Beaucoup de personnes insistent sur la pertinence de l’outil numérique et notamment de la tablette au service des apprentissages des élèves, si tu devais en quelques lignes confirmer cette idée, quel serait tes arguments ?
Pour que les tablettes ne deviennent des gadgets pédagogiques, il faut les utiliser à bon escient. Confucius l’avait déjà pressenti : « une image vaut mille mots ». Pour certaines APS, les outils numériques peuvent être des supports de travail exceptionnels. La différenciation pédagogique rend parfois la tâche de l’enseignant difficile. En Acrosport, par exemple, les groupes d’élèves travaillent sur des projets différents. Les outils numériques peuvent aider l’enseignant en guidant les élèves sur le « quoi » et le « comment ». Il ne s’agit pas de remplacer le professeur, mais plutôt de le démultiplier. L’application Acrosport, disponible sur l’Apple store, offre par exemple bien plus de possibilités qu’une simple fiche (catalogue de figures classées, vue des figures sous 360 degrés,).
Mais la vraie révolution se situe à mon avis au niveau de la vidéo : Ces nouveaux outils peuvent fournir à l’élève un feedback sur sa prestation. ReplayCam (disponible sur l’apple store) est à ce titre une application incontournable. Le programme filme et restitue les images avec un décalage programmé. Il suffit donc de dédier un espace et de lancer l’application. Le ou les élèves réalisent leur prestation, puis vont tranquillement voir leurs exploits. Rien n’est enregistré. J’utilise beaucoup cette application en gym, danse, acrosport, escalade… Grâce au feedback vidéo, l’élève peut aisément se corriger.
Dernière question, tu nous as expliqué, à juste titre, la simplicité d’utilisation des tablettes. Maintenant, qu’en est-il si l’on souhaite créer son application ?

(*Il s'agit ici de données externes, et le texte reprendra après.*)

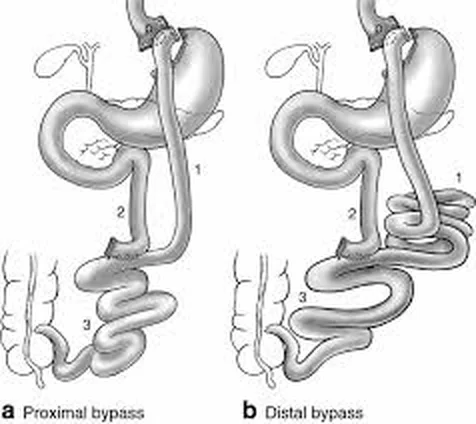 Distal bypass: a kiiktatott bélszakasz meghosszabbítása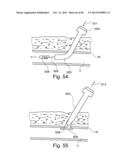 METHOD AND APPARATUS FOR PERCUTANEOUS TREATMENT OF A BLOOD VESSEL diagram and image
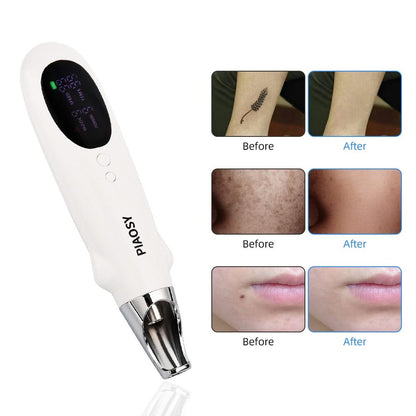 PIAOSY™ Picosecond Pen for Tattoo, Dark Spot & Acne Scar Removal
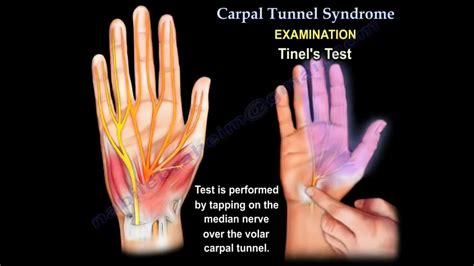 Carpal Tunnel Syndrome And Median Neuropathy Youtube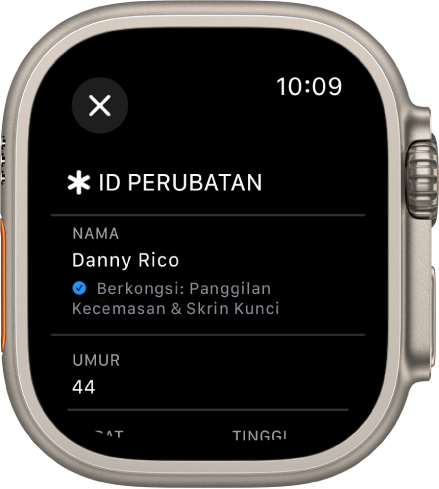 Skrin ID Perubatan pada Apple Watch menunjukkan nama dan umur pengguna. Tanda semak berada di bawah nama, menunjukkan bahawa ID Perubatan dikongsi pada skrin kunci. Butang Tutup berada di bahagian kiri atas.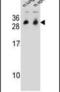 Cytochrome B561 Family Member D1 antibody, PA5-24523, Invitrogen Antibodies, Western Blot image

C’est une toute autre histoire. La démarche relève du parcours du combattant… Il faut, bien sûr, maitriser la langue de Shakespeare (tous les forums d’aide, les documentations sont majoritairement en anglais, et ils sont quasi-indispensables). Un ordinateur (mac pour les applications Apple et PC pour androïd) et si possible un smartphone ou une tablette sont requis pour tester ses créations. Il faut ensuite télécharger un logiciel de développement gratuit (Eclipse pour Android et xcode pour Apple). Il est également nécessaire d’apprendre ou de maitriser les langages de développement (Objective C pour Apple ou Java pour Androïd, par exemple). Mais il en existe d’autres… Il est enfin indispensable d’acheter une licence annuelle de développeur auprès d’Apple ou de Google pour pouvoir proposer ses créations sur les différents stores. Cette démarche est la plus standard. D’autres possibilités existent (Windev par exemple).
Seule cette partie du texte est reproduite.